Pulldown: select surveys to be exported + merged table #163

sjanssen2 · 2016-11-30T19:39:07Z

Update to the metadata pulldown handler, such that the user now sees which different internal surveys are available plus he/she can select which of those should be exported to the download.
There is now an option to join all columns from all surveys into one huge file.
Filenames in resulting zip archive are more speaking now.
There seems to be a change in the flake8 on Travis. Thus, I had to add some blank lines to certain files.

mortonjt · 2016-11-30T21:11:56Z

knimin/lib/tests/test_data_access.py

+                               (-4, 'Surfers', True),
+                               (-5, 'Personal_Microbiome', False)],
+                              db.list_ag_surveys([-2, -4]))
+


Just to clarify - this is testing the real database if these surveys in the db?

It's testing that this method can obtain survey names AND that the third component is set to True for all surveys if NONE is provided and only those set to True that are in a list given to the function as third argument.

I do think that this is a really critical check. Now it looks like every time that a survey gets added, this test would need to be updated. What do you think about this? Do you think that it is worth while to raise an issue to make these tests - so that we don't need to update these tests every time that the surveys are updated.

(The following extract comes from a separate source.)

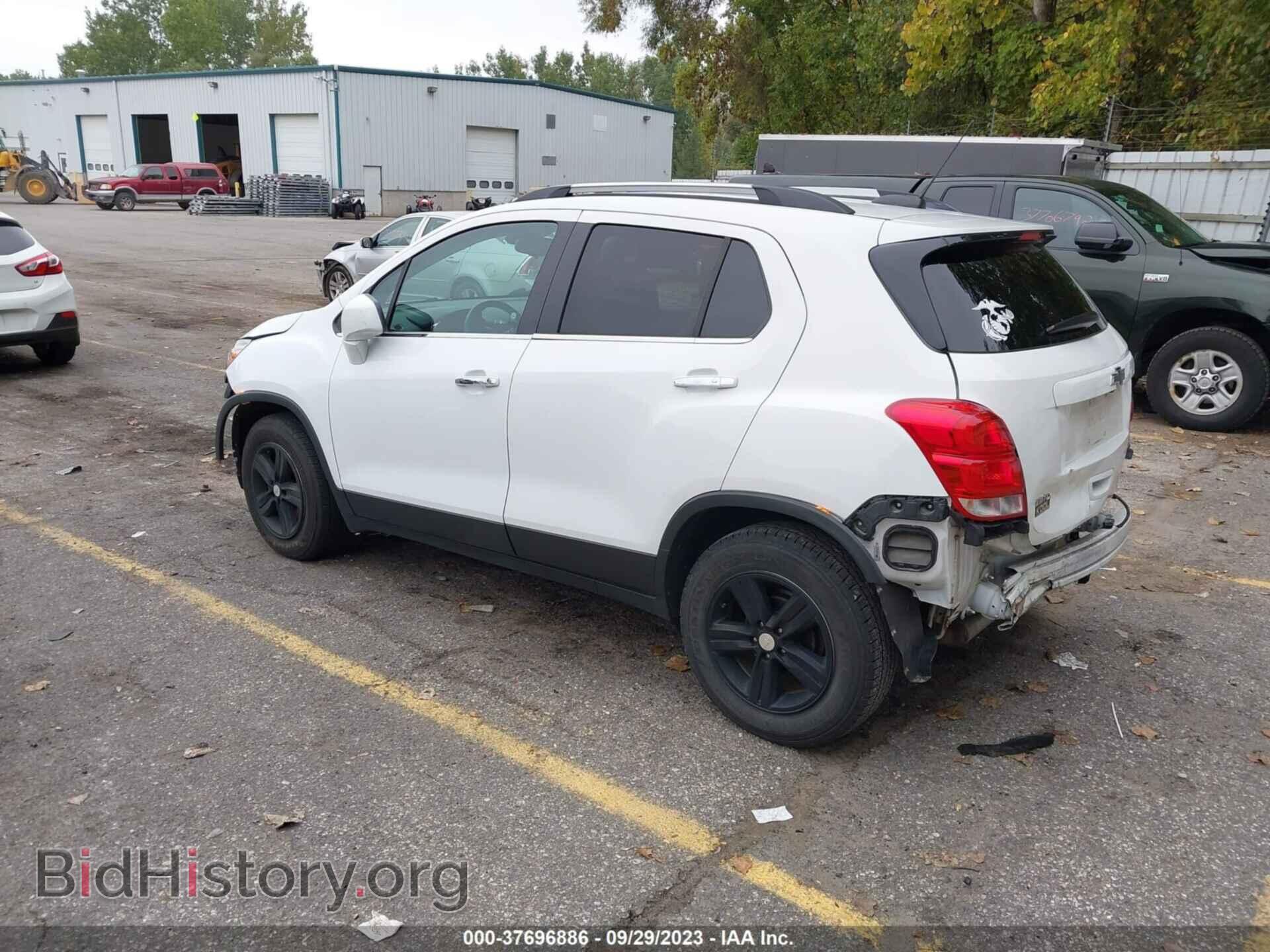 2017 CHEVROLET TRAX - VIN: 3GNCJLSB8HL258573 - Фото 3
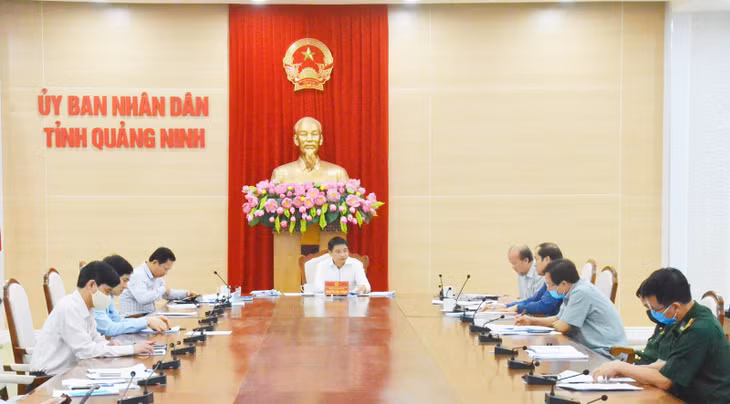 Quang cảnh cuộc họp.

I don't think that adding new surveys is a frequently occurring task. Thus, updating the test each time should be fine.

Ok that's fine - but what do you think about having some sort of documentation that contains all of the tests that need to be updated? If there is an additional survey being added - it could be a pain in the butt to hunt and find which tests need to be updated.

On a second thought, I totally agree with our argument that this is not future save. Thus, I changed the code in a way that additional surveys should not influence the outcome.

wasade · 2016-12-01T18:42:06Z

knimin/templates/ag_pulldown.html

+  <div>Select which American Gut surveys shall be included in the pulldown archive. <br/>Add 'all in one file' if you also want to have one addition file<br/>that contains all available columns from all American Gut surveys.</div>
+  <select name="agsurveys" id="agsurveys" multiple />
+  {% for s in agsurveys %}
+  {% if s[2] == True %}


wasade · 2016-12-01T18:42:18Z

knimin/templates/ag_pulldown.html

  <select name="external" id="external" multiple />
  {% for s in surveys %}
  <option value='{{s}}'>{{s}}</option>
  {% end %}
  </select>
 </p>
+{% if merged == 'True' %}


this is a string comparison?

yes it is, since 'merged' holds the content of 'value' of the checkbox which I defined as the string 'True'.

wasade · 2016-12-20T16:21:39Z

@sjanssen2 looks like there are merge conflicts

…_pulldown_filenames

…archive

sjanssen2 · 2017-03-29T22:24:51Z

We have issues with Geocoder searching for locations where addresses are now random utf-8 characters. This results in unstable results for metadata pulldown. Thus, I only compare the first 1000 characters of each file in the pulldown archive - basically to continue working on #184
Let us fix Geocoder later.

coveralls · 2017-03-29T22:26:28Z

Coverage increased (+1.4%) to 93.409% when pulling a4c6729 on sjanssen2:addedSurveyTestData into 9b0c0ca on biocore:master.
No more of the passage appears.